Task item. Give an exact reproduction of the lines from the one with "Image of Guppy" to the final line of the entries below, both ends included, and omit the pictures.

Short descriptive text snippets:
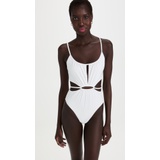 Jonathan Simkhai Genesis Strappy Solid Tie Front Cutout One Piece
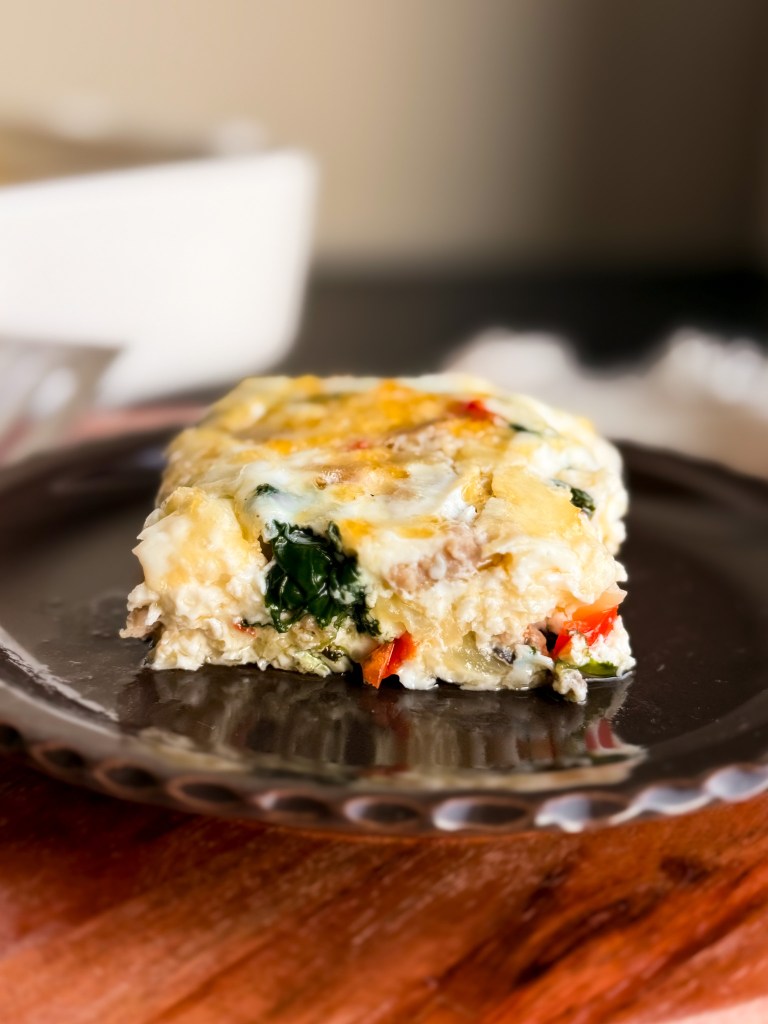 easy egg white breakfast casserole - a high-protein meal prep breakfast idea.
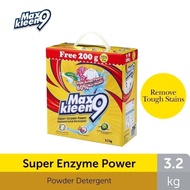 Maxkleen 9 Super Enzyme Powder Detergent (3kg) [Free 200g] Detergent Powder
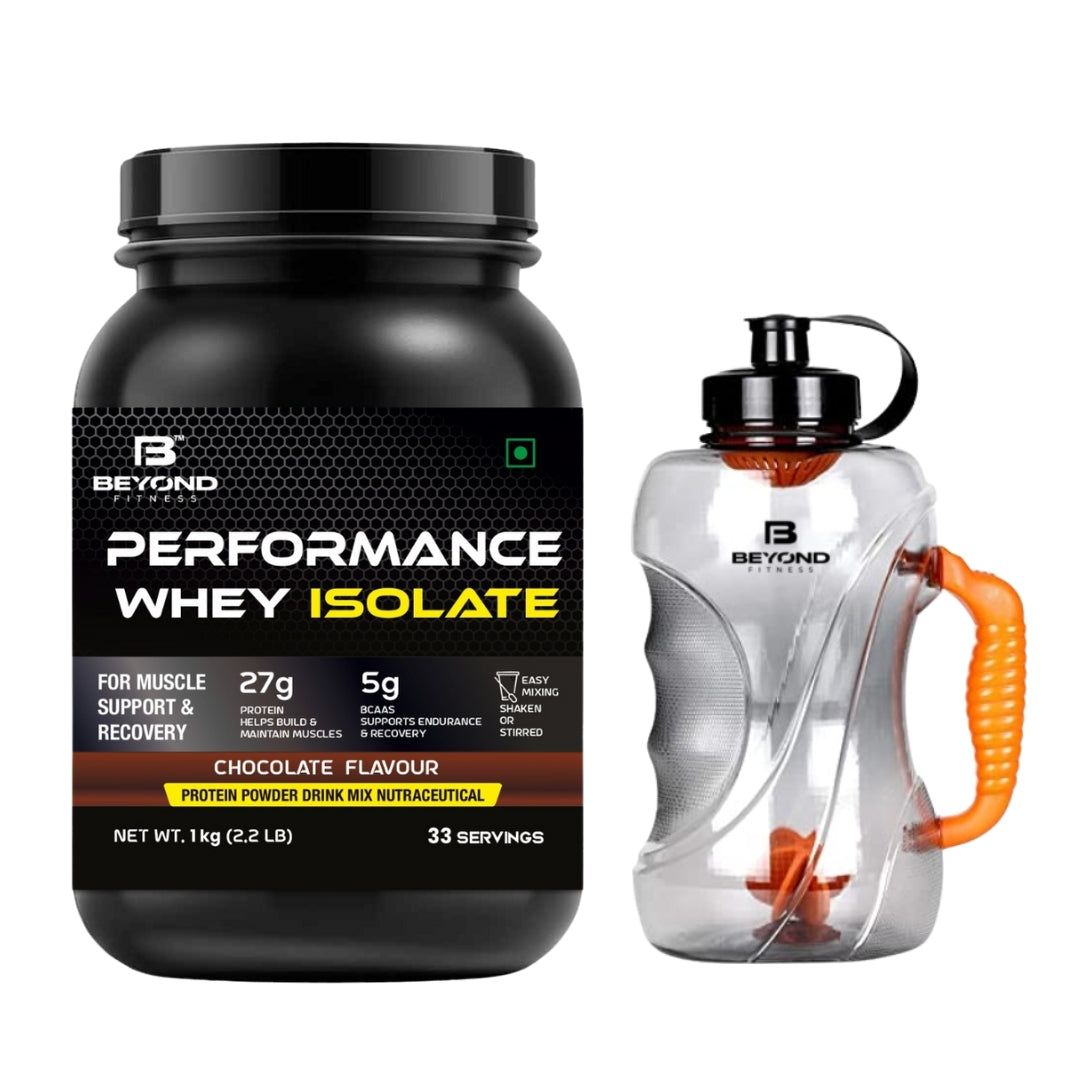 Beyond Fitness 100% Performance Whey Isolate Protein with 27g Protein per scoop with 1.5ltr Gallon Shaker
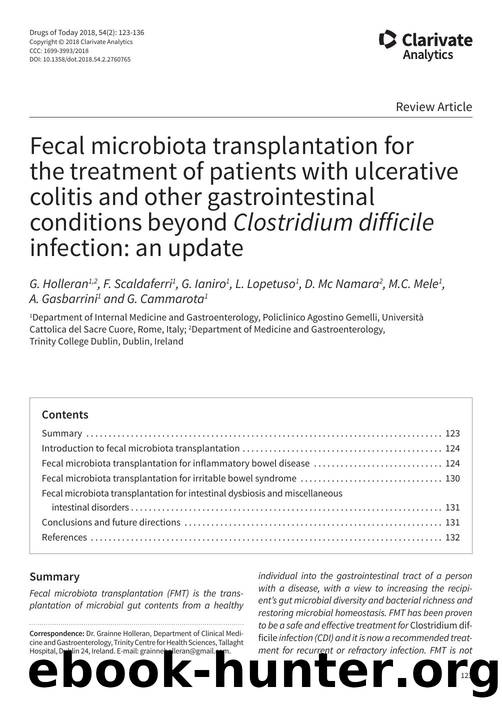 Fecal microbiota transplantation for  the treatment of patients with ulcerative colitis and other gastrointestinal  conditions beyond Clostridium difficile  infection: an update by Copyright © 2018 Clarivate Analytics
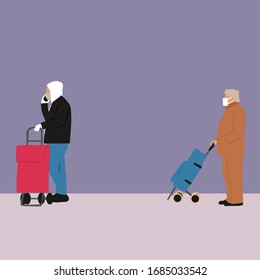 Vector illustration social distancing in a shopping queue or line Shopping during coronavirus outbreak People in masks with shopping bags Physical distancing Colorful flat vector illustration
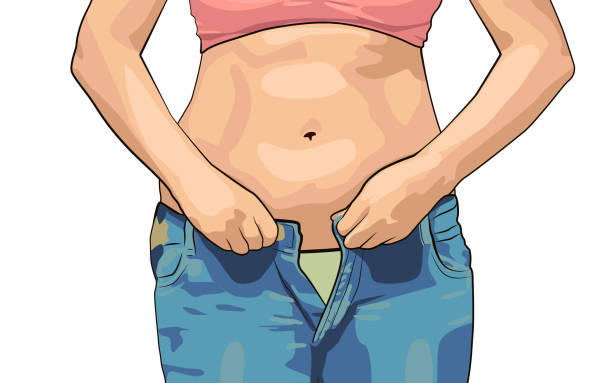ilustraciones, imágenes clip art, dibujos animados e iconos de stock de mujeres con vientre gordo. mujer gorda con gran vientre tratando de usar jeans apretados, sobrepeso - mano sobre cadera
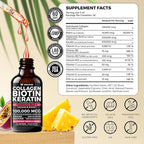 Liquid Biotin and Collagen Peptide Complex with Keratin, Hyaluronic Acid, MCT Oil, Zinc, Vitamins B6, B7, B12, A, C, D3, E - Hair, Skin, and Stronger Nails Supplement for Women and Men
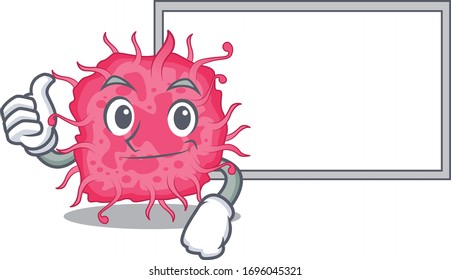 Humorous pathogenic bacteria cartoon design Thumbs up bring a white board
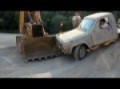 gene wrecking the jeep comanche into a bull dozer over a rock mound
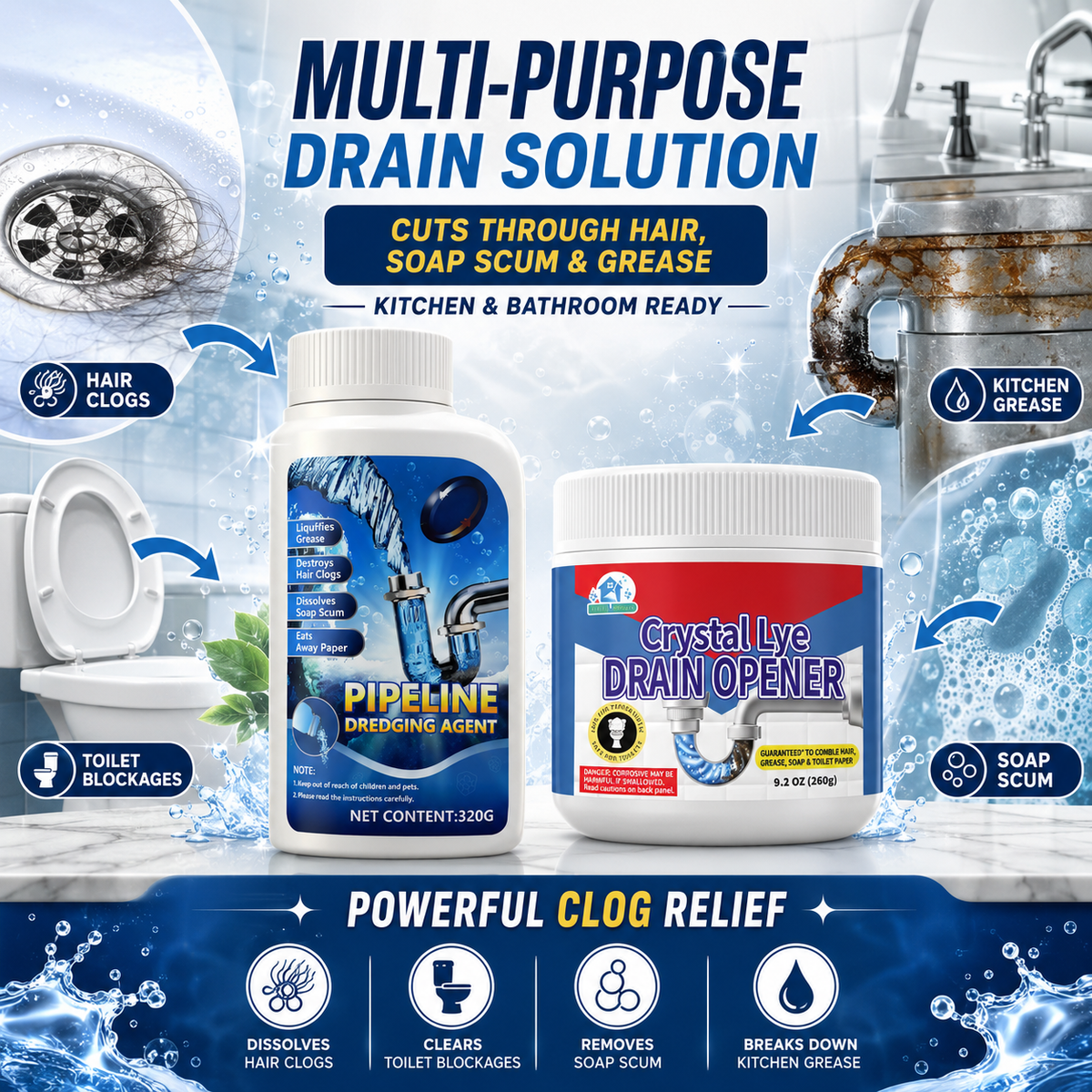 🔥Liapu Powerful Drain Cleaner | 99% Antibacterial Solution, Dissolves 200+ Clogs & Safely Cleans Pipes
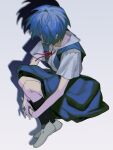  1girl ayanami_rei black_socks blue_hair hasta_luego_o highres neon_genesis_evangelion red_ribbon ribbon school_uniform shadow shirt short_hair simple_background socks solo tokyo-3_middle_school_uniform white_background white_footwear white_shirt 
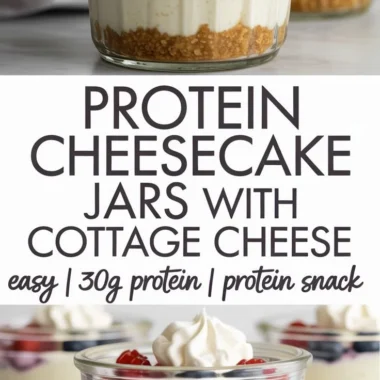 Healthy protein cheesecake jars topped with fresh berries and nuts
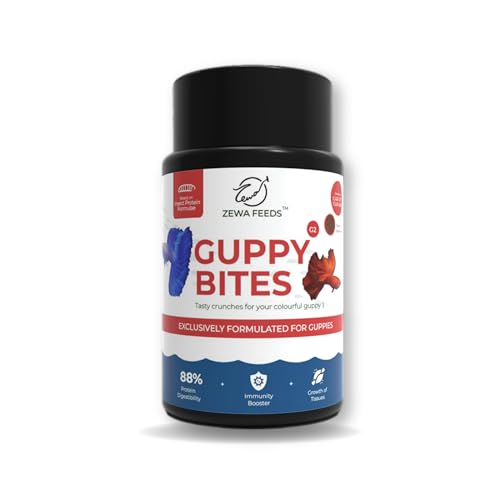 Image of Guppy Bites 45g | High Protein Fish Food for Guppy & Small Fish | Micro Pellets 0.3-0.6 mm | 88% Digestibility | Rapid Growth & Vibrant Color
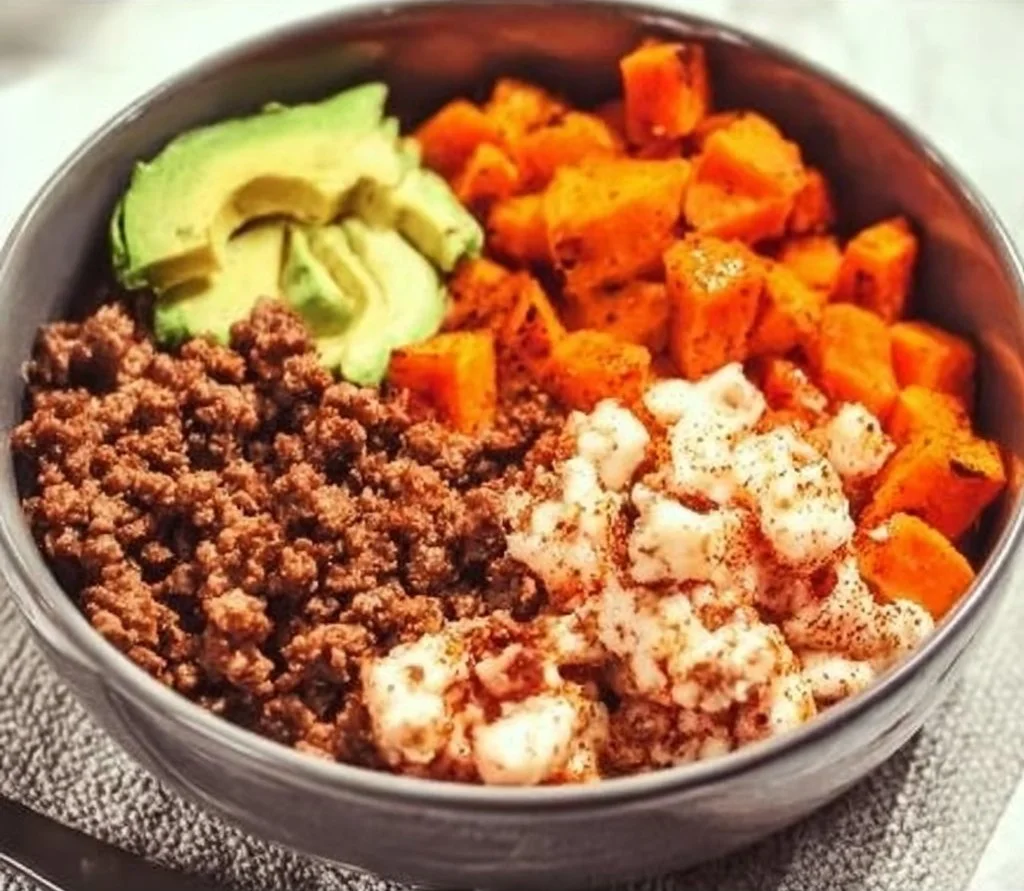 Hearty Ground Beef and Sweet Potato Bowl, Quick High-Protein Meal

Response.
 Image of Guppy Bites 45g | High Protein Fish Food for Guppy & Small Fish | Micro Pellets 0.3-0.6 mm | 88% Digestibility | Rapid Growth & Vibrant Color
 Hearty Ground Beef and Sweet Potato Bowl, Quick High-Protein Meal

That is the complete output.